Ida sapeva tutto ciò.
Quella sera Giorgio non voleva recarsi a teatro. La
sua assenza avrebbe convinto l’Ida ch’egli non aveva nulla colla ballerina.
Già calcolava come impiegare altrimenti le ore, quando
un nuovo ordine d’idee lo fece cambiare affatto determinazione.
Egli non amava Ida soltanto con veracità di
sentimento. L’amava con tutto l’ardore dell’entusiasmo. Vederla era per lui un
fascino inebriante, un bisogno irresistibile.
D’altronde, se la sua presenza in teatro poteva dar
qualche sospetto all’Ida, egli avrebbe saputo distruggerlo non lasciandosi
punto trasportare dalle piroette delle ballerine e badando di non applaudir
questa per nessuna causa. L’essere invece assente dalla platea, non poteva
forse far nascere nell’amata il sospetto ch’egli fosse dietro le quinte o ne’
corritoi vicini al palcoscenico?
Giorgio decise adunque entrare in teatro ed entrò.
Lo spettacolo era già cominciato; ma tre o quattro
amici del giovane erano tutt’ora nell’atrio a discorrere assieme. Salutarono
Giorgio e lo chiamarono. Egli si fermò e prese parte ai loro discorsi.
L’argomento erane un’avventura galante che aveva a
protagonista la ballerina applaudita la sera innanzi da Giorgio.
Ecco di che si trattava.
Fin dal principio della stagione erasi invaghito della
leggiadra silfide un distinto celibatario della città. Egli aveva avanzate le
sue proposte, che dopo qualche tempo erano state accettate.

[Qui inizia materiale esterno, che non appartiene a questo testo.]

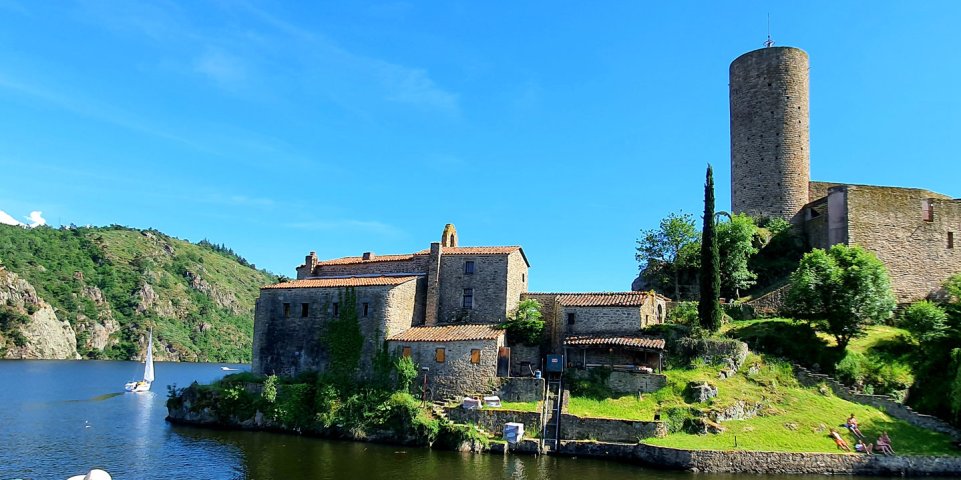 Bateau sur les Gorges de la Loire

Poco credente però
della virtù delle donne da teatro in generale, e delle ballerine in particolare,
dicevasi ch’egli fosse stranamente geloso. Si narrava in quella sera di una
scena tragicomica avvenuta al mezzogiorno fra il signor M. (il celibatario) e
la ballerina, e se ne rideva di molto.
Giorgio rise anch’egli alla notizia.
Uno dei giovani che Giorgio aveva incontrato, teneva
fra le mani un fiore. Al nostro eroe venne una pazza voglia di possederlo. Lo
chiese all’amico:
— Scusami — rispose
quest’ultimo — ma non posso davvero servirti. Questo fiore mi è troppo caro.
D’altronde, a che te ne serviresti? Tu abborri i fiori.
— Ebbene — disse Giorgio
ridendo — se tu mi favorisci ti prometto che, per la prima volta in vita mia,
mi appunterò il fiore all'occhiello e resterò così in teatro fino alla fine
dello spettacolo.
— Tu!… Tu ammalato di
rabbia canina contro questi gentili prodotti di madre natura!… Ah! ah! La è
davvero ridicola!…
— Dunque?
— Dunque, voglio vedere
anche questa!
E dette il fiore a
Giorgio.
Esso lo fermò
all’occhiello, e tutti entrarono in platea.